ナンシー・アサートン 『ディミティおばさまと聖夜の奇跡』

 家族で過ごすクリスマスに思いを馳せ、その準備で夢中になっていたロリですが、雪の日に家の前で行き倒れになっている男性を発見したことで全てが変わってきます。意識も不明なままで身元も分からない男性が誰なのか、そして何故ロリたちの家の前で倒れていたのか。彼が今は亡きディミティおばさまを訪ねてきた可能性に思い至ったロリは、この男性のために行動することになります。様々な場所で聖人の如く思われていたり、あるいは狂人であると思われていたりする謎の男性はいったい何者なのか。

 茶目っ気があって含蓄のある助言をしてくれる幽霊、ディミティおばさまのシリーズ4作目。
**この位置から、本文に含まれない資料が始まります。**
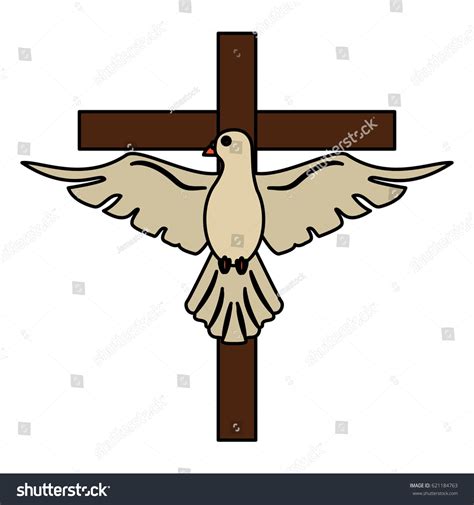 Holy Spirit Cross Sac Hope Stock Vector Royalty Free 621184763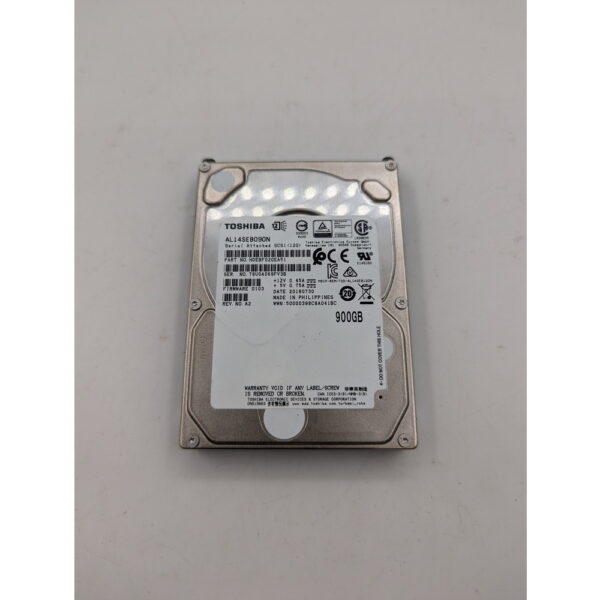 Жесткий диск AL14SEB090N, HDEBF02GEA51, Toshiba, 900 Гб, SAS, 2.5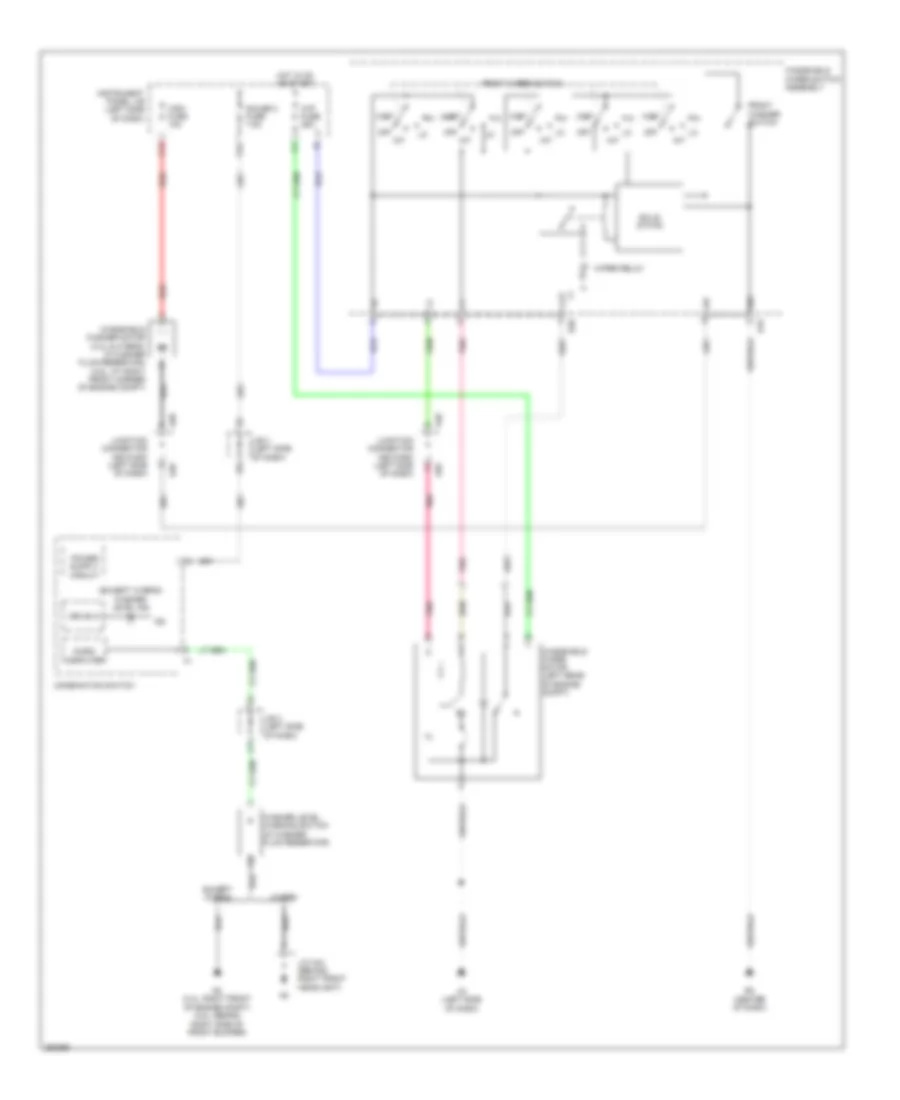 WiperWasher Wiring Diagram for Toyota Camry LE 2007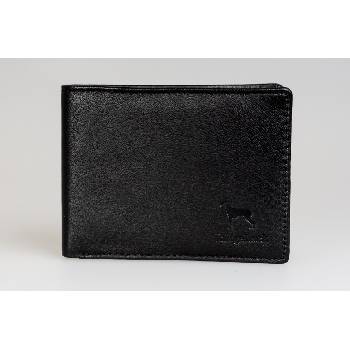 Ridgeback Pánská kožená peněženka JBNC 35 ČERNÁ / černé šití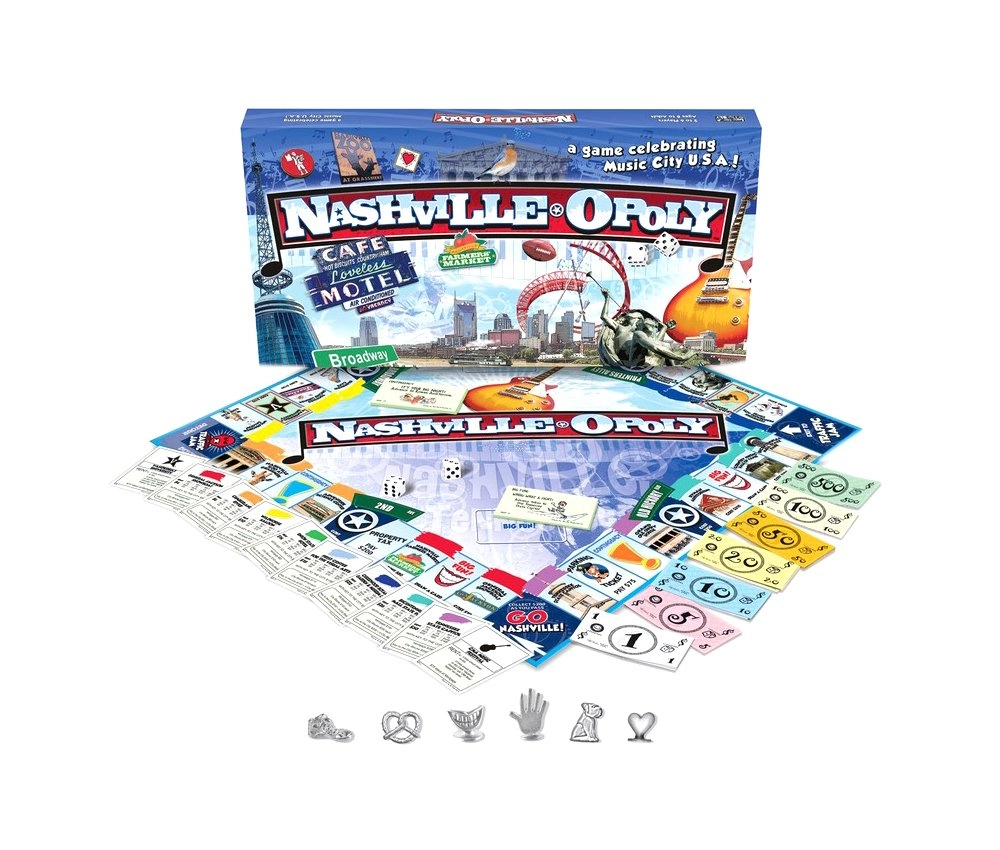 Late for the Sky Nashville-Opoly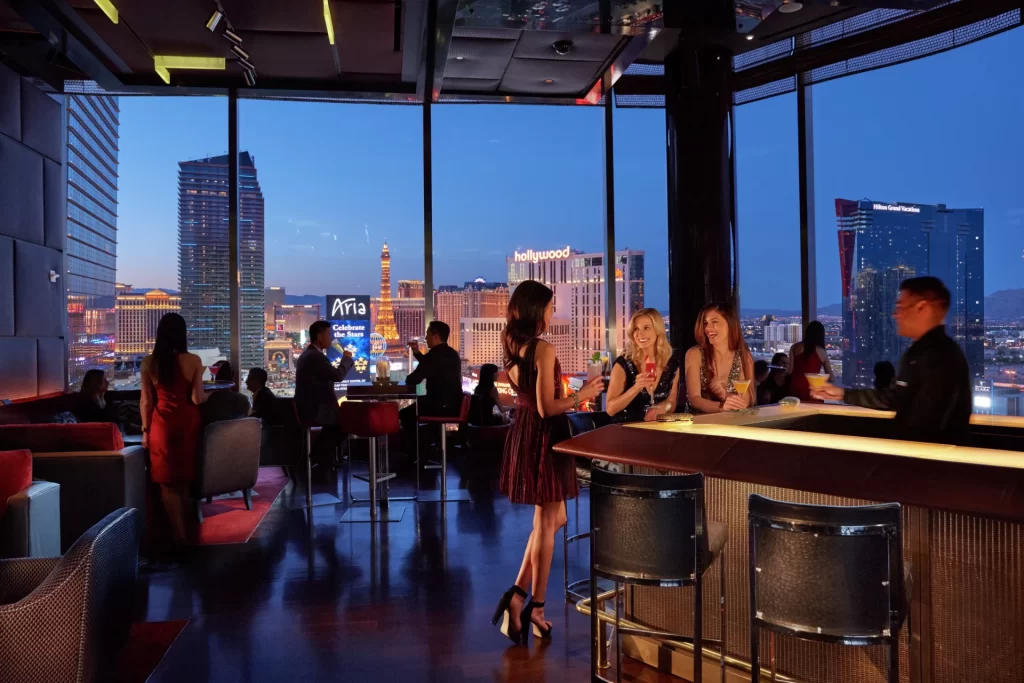 Las Vegas Sky Bar Waldorf Astoria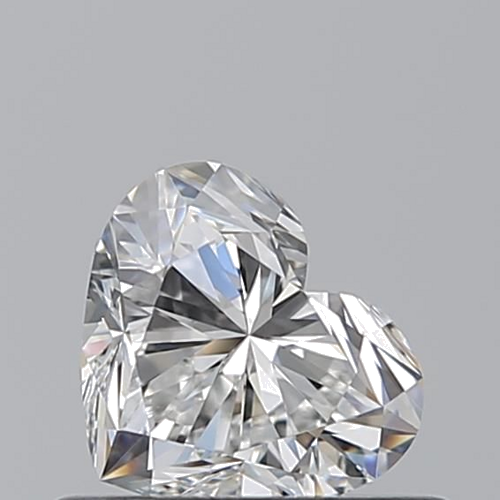 0.5 carat F-VVS1 Natūralus Heart Deimantas (1)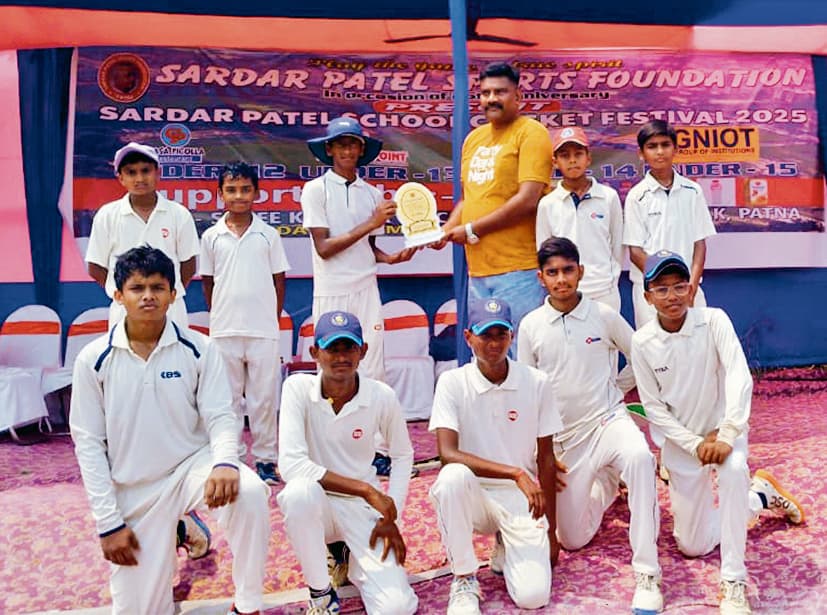 अंडर-13 क्रिकेट टूर्नामेंट में लक्ष्य क्रिकेट एकेडमी की जीत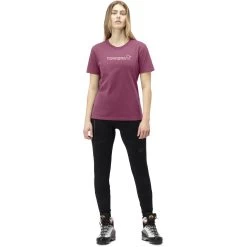 Norrona /29 Cotton Norrøna Viking T-Shirt Women - Violet Quartz -Norrona norrona 29 cotton norrona viking t shirt women violet quartz model 1 1400210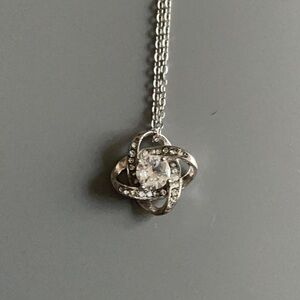 Elegant Silver Pendant Necklace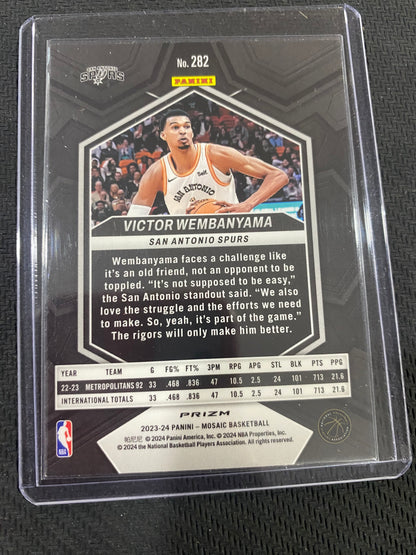 2023-25 Victor Wembanyama Rookie Mosaic Scope Prizm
 本作では正体も分からず行き倒れていたよそ者の男に対する、村人たちの意外なほどの冷淡さが当初描かれますが、同時にそんな冷淡さに対するディミティおばさまの懐の深さを感じさせる洞察や、一人の人間をきっかけにして変わっていく人々の姿から、著者の人間に対するやさしい眼差しがうかがえる作品でもあります。
 単なる豊かで満たされたクリスマスではなく、優しさの連鎖が見えるようなクリスマスを描いた本作は、ぜひともその時期に読みたい一作かもしれません。